··· DATA EXCERPTS

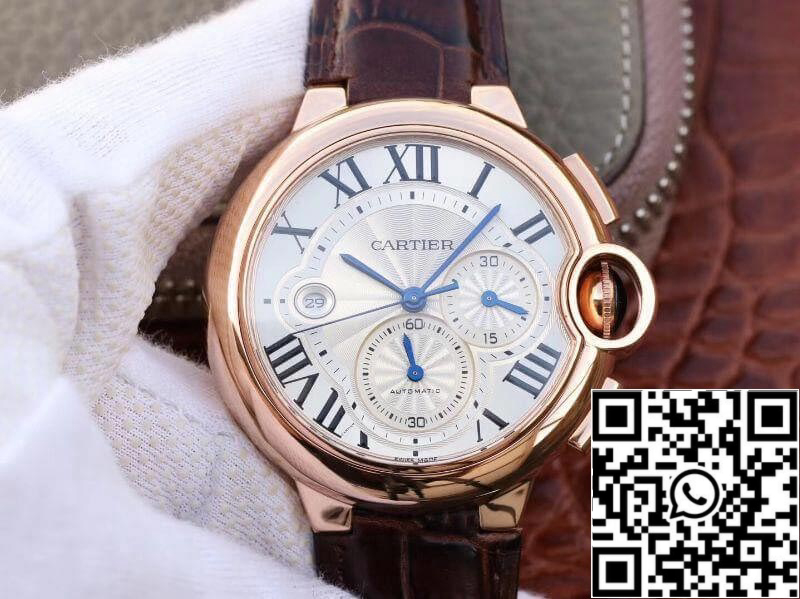 Ballon Bleu De Cartier W6920074 ZF Factory Men Watches 1:1 Best Edition Swiss ETA7750 White Textured Dial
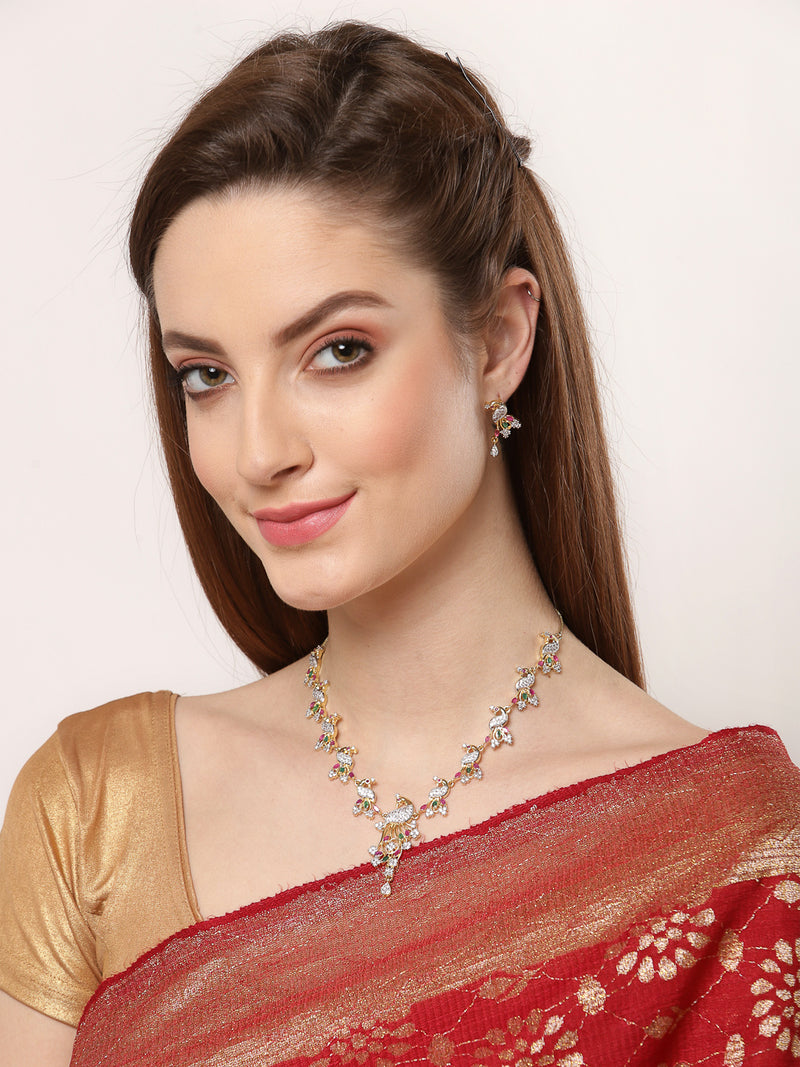 Peacock Shaped Gold-Plated with Silver-Toned Pink and Green American Diamond Studded Handcrafted Jewellery Set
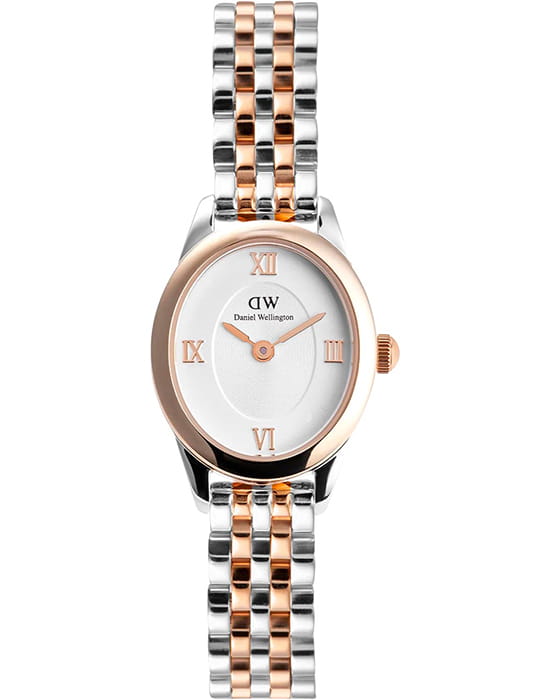 Daniel Wellington Daniel Wellington Ophelia Mini Two Tone Rose Gold DW00100810  DW00100810 кварцевые женские часы белый циферблат, браслет нержавеющая сталь с pvd-покрытием — вид спереди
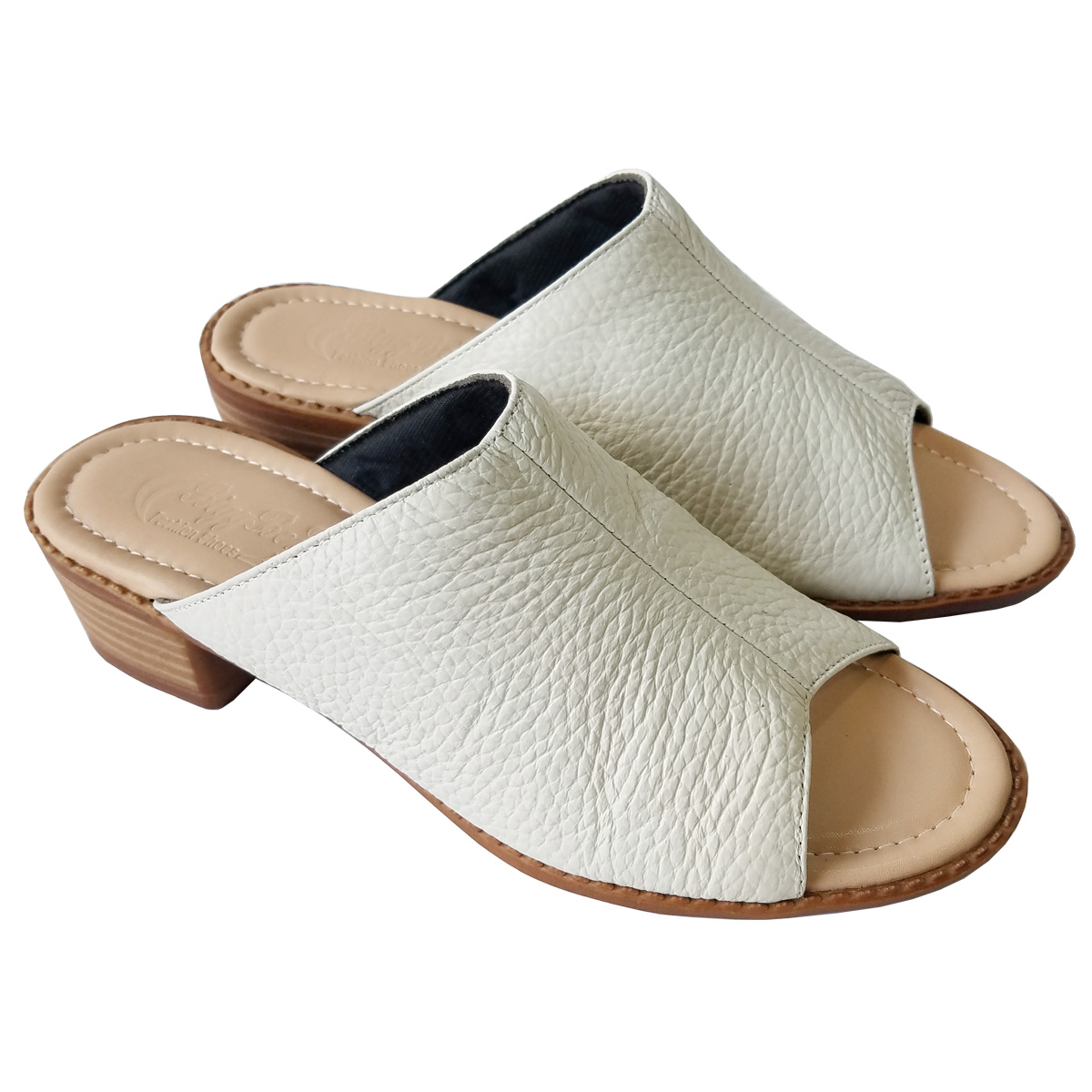 Dép Cao Gót Nữ Biggben Da Bò Cao 4 Phân Dcg61 - Trắng - 36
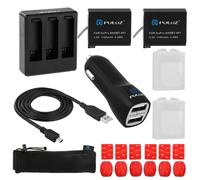 KIT SET PER GOPRO HERO 4 2 BATTERIE+ CARICA AUTO SLIT+ DESKTOP 2P+CAVO USB PU36B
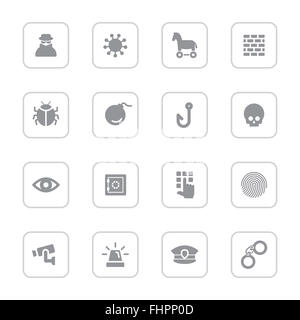 [JPEG] icon set 7 plats gris avec cadre rectangle arrondi pour le web design, l'interface utilisateur l'interface utilisateur, l'infographie et de l'application mobile Banque D'Images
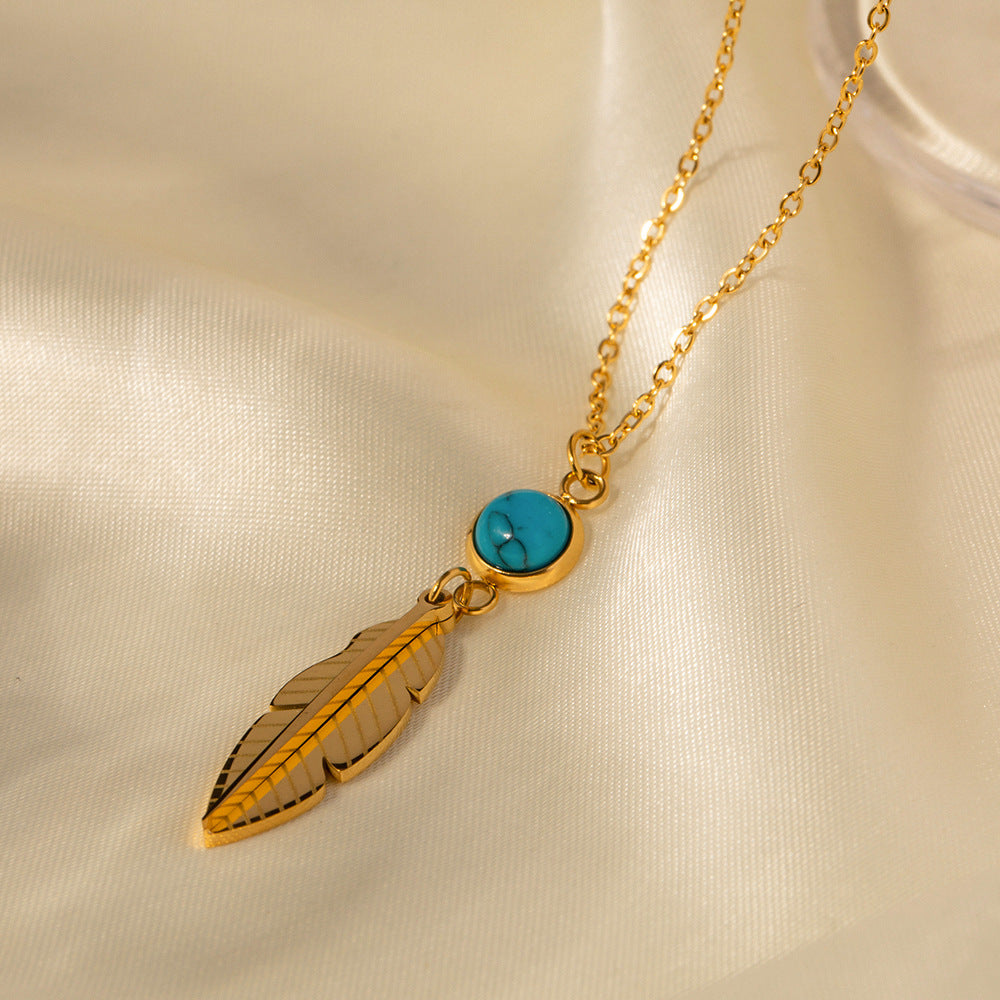 Feather inlaid turquoise necklace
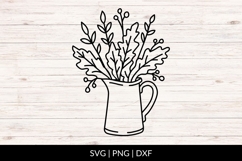 Hand Drawn Fall Watering Can With Leaves SVG Product Image 1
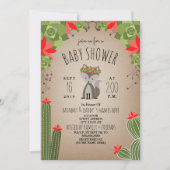 Wolf Pup Floral Cactus Desert Girl Baby shower Kaart (Voorkant)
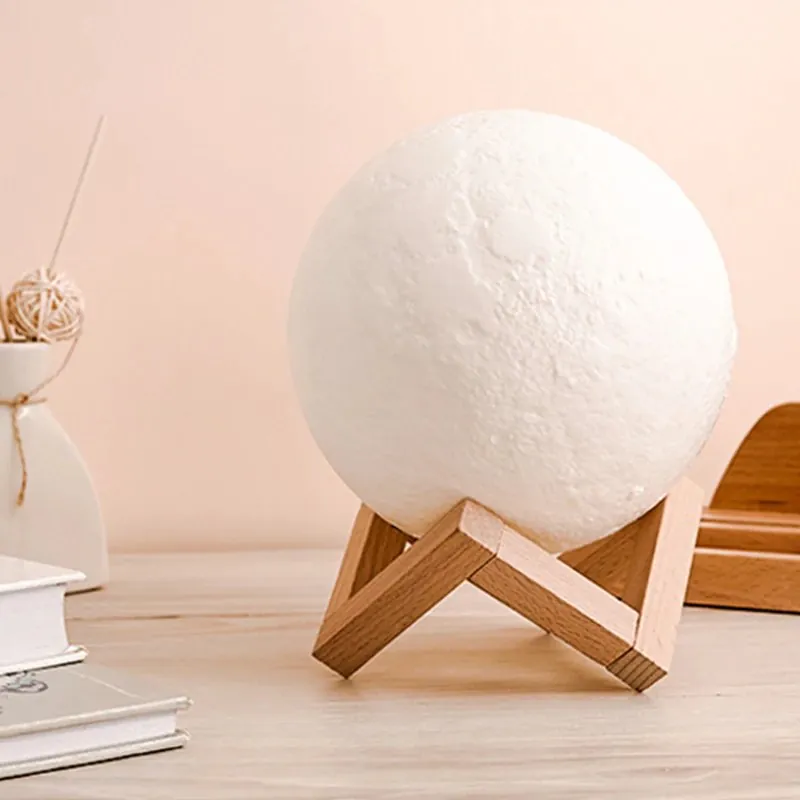 LED Moon Lamp - 3D Printed Lunar Lamp - Battery Powered Colorful - Night Light for Kids - 8 Color (15cm)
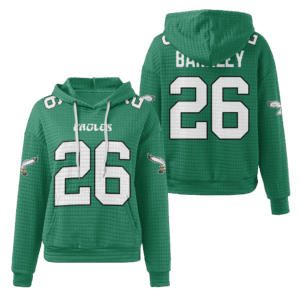 Philadelphia Eagles Kelly Green Waffle Hoodie Custom Name And Number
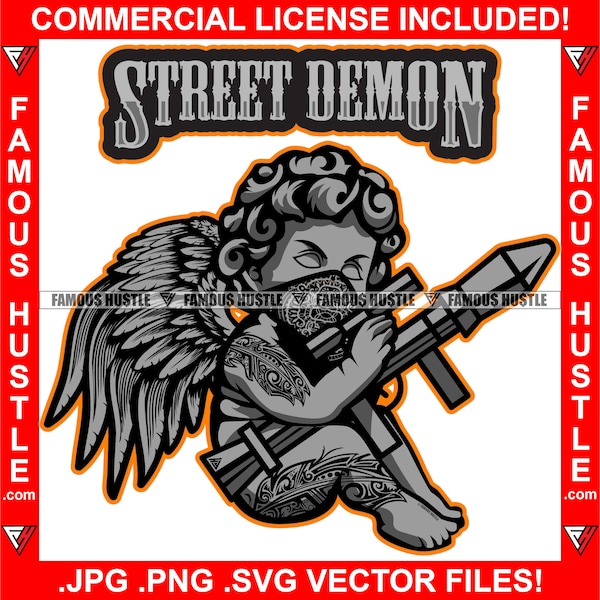 Street Demon Gangster Statue Angel Wings Wearing Bandana Holding Rocket Launcher Tattoo Hip Hop Rap Rapper Street Quote Art Logo JPG PNG SVG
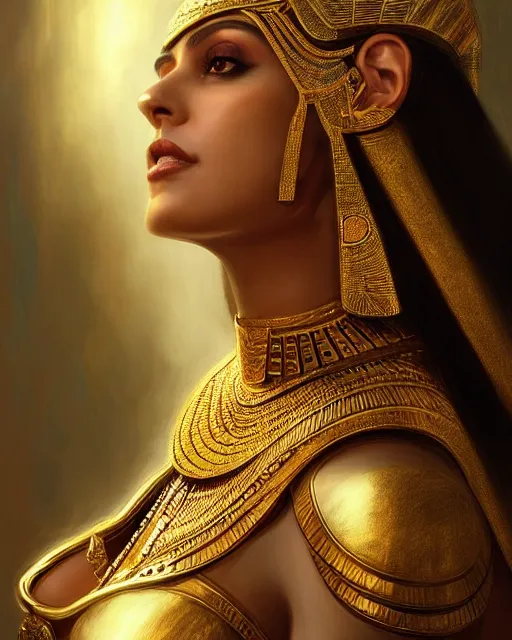 Prompt: Jessica Kahawaty as a beautiful egyptian princess, gorgeous, portrait, powerful, intricate, beautiful, masterpiece, elegant, volumetric lighting, back lighting, rimlight, dramatic lighting, digital painting, highly detailed, artstation, sharp focus, illustration, Artgerm, Jean-Léon Gérôme , ruan jia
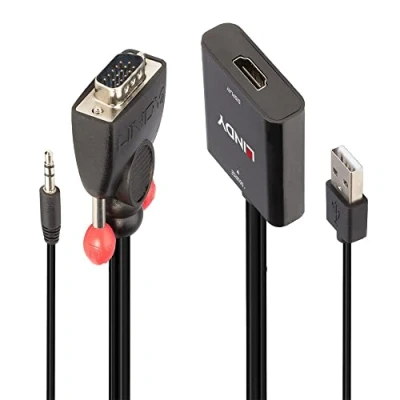 Immagine di LINDY VGA Adattatore [1x Spina VGA, jack da 3.5 mm 1x Presa HDMI, A USB 3.2 Gen 1 (USB 3.0)] 38284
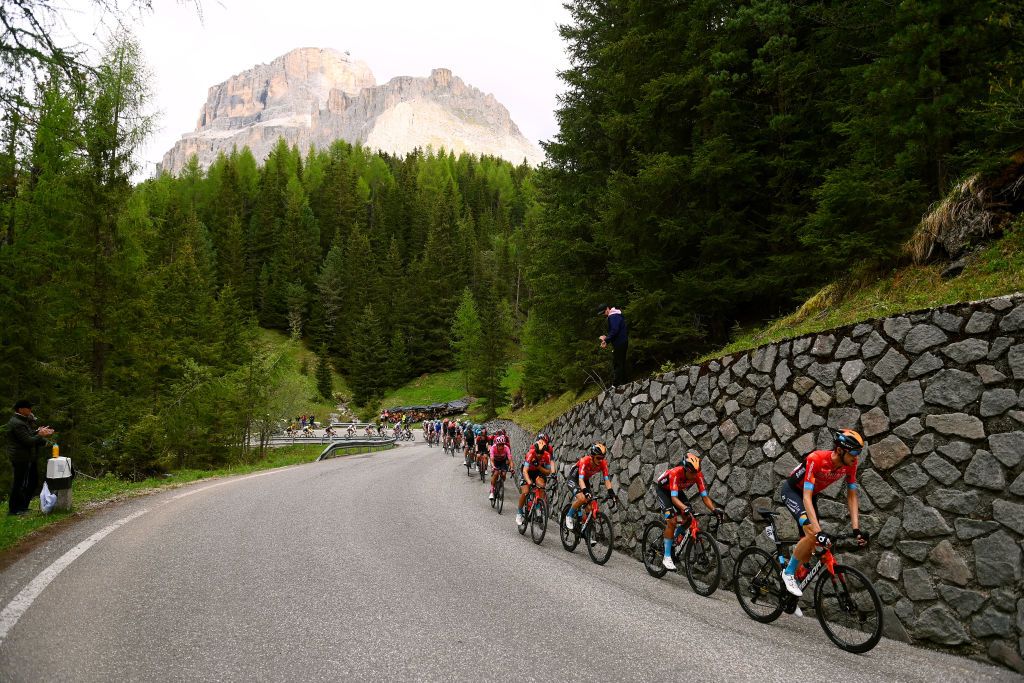 PASSO FEDAIA ITALY MAY 28 LR Mikel Landa Meana of Spain Pello Bilbao Lpez De Armentia of Spain Santiago Buitrago Sanchez of Colombia and Wouter Poels of Netherlands and Team Bahrain Victorious lead the peloton during the 105th Giro dItalia 2022 Stage 20 a 168km stage from Belluno to Marmolada Passo Fedaia 2052m Giro WorldTour on May 28 2022 in Passo Fedaia Italy Photo by Tim de WaeleGetty Images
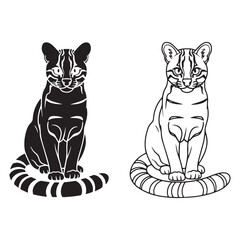 Defined Margay Silhouette & Margay Lineart – Margay Vector Design Highlighting Distinct Feline Shape – Black Vector of Margay – Vector Set of Margay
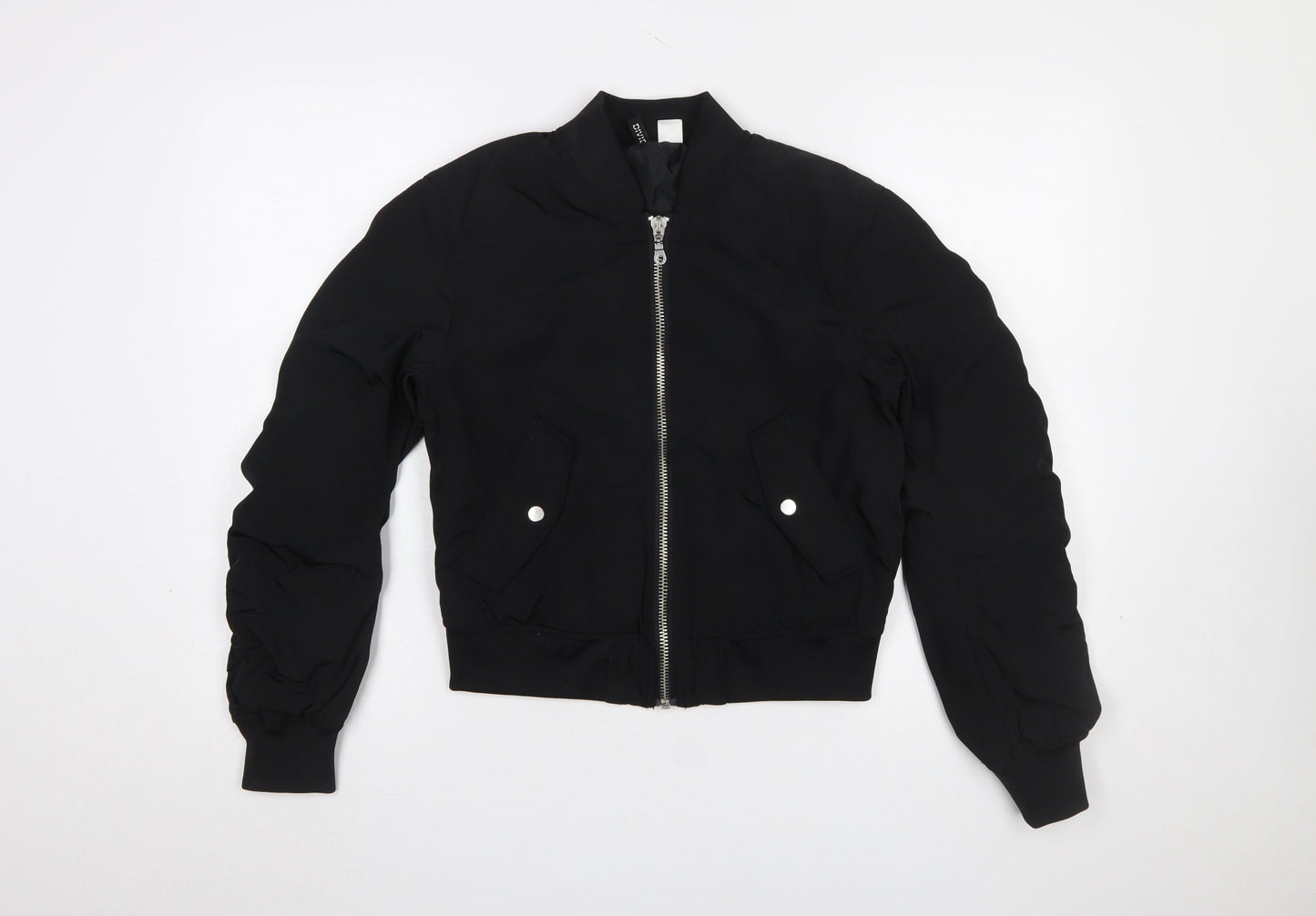 H&M Women Black Bomber Jacket Size 6 Polyester Lined Zip Short Casual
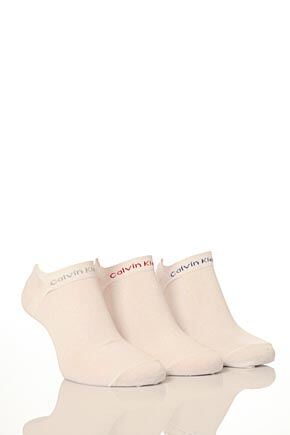 Mens 3 Pair Calvin Klein Coolmax Non Cushioned Trainer Liners In 2 Colours White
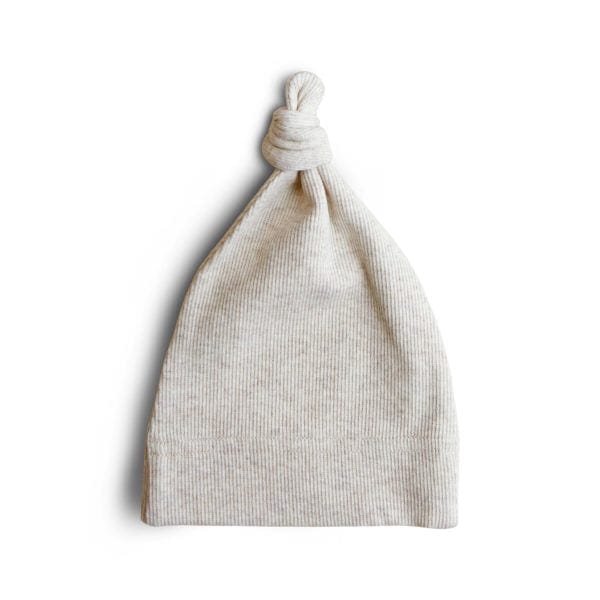 Ribbed Baby Beanie (Beige Melange) Mushie Lil Tulips
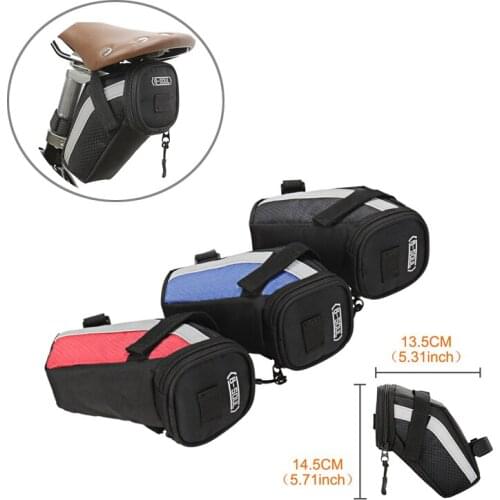 Nylon Bicycle Bag Bike Storage Saddle Bag Cycling Seat Tail Rear Pouch Bag Saddle Bike Accessories Bike Bag 14.5X13.5X9cm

······

● WORK REQUIRED: Transcribe only these lines, exactly: the first line of the listing, every line after it, and the line with "Wolf Pup Floral", where the copy ends. Include no picture.

● ANSWER BOX:
 Ballon Bleu De Cartier W6920074 ZF Factory Men Watches 1:1 Best Edition Swiss ETA7750 White Textured Dial
 Peacock Shaped Gold-Plated with Silver-Toned Pink and Green American Diamond Studded Handcrafted Jewellery Set
 Daniel Wellington Daniel Wellington Ophelia Mini Two Tone Rose Gold DW00100810  DW00100810 кварцевые женские часы белый циферблат, браслет нержавеющая сталь с pvd-покрытием — вид спереди
 Dép Cao Gót Nữ Biggben Da Bò Cao 4 Phân Dcg61 - Trắng - 36
 KIT SET PER GOPRO HERO 4 2 BATTERIE+ CARICA AUTO SLIT+ DESKTOP 2P+CAVO USB PU36B
 [JPEG] icon set 7 plats gris avec cadre rectangle arrondi pour le web design, l'interface utilisateur l'interface utilisateur, l'infographie et de l'application mobile Banque D'Images
 Feather inlaid turquoise necklace
 Hand Drawn Fall Watering Can With Leaves SVG Product Image 1
 Wolf Pup Floral Cactus Desert Girl Baby shower Kaart (Voorkant)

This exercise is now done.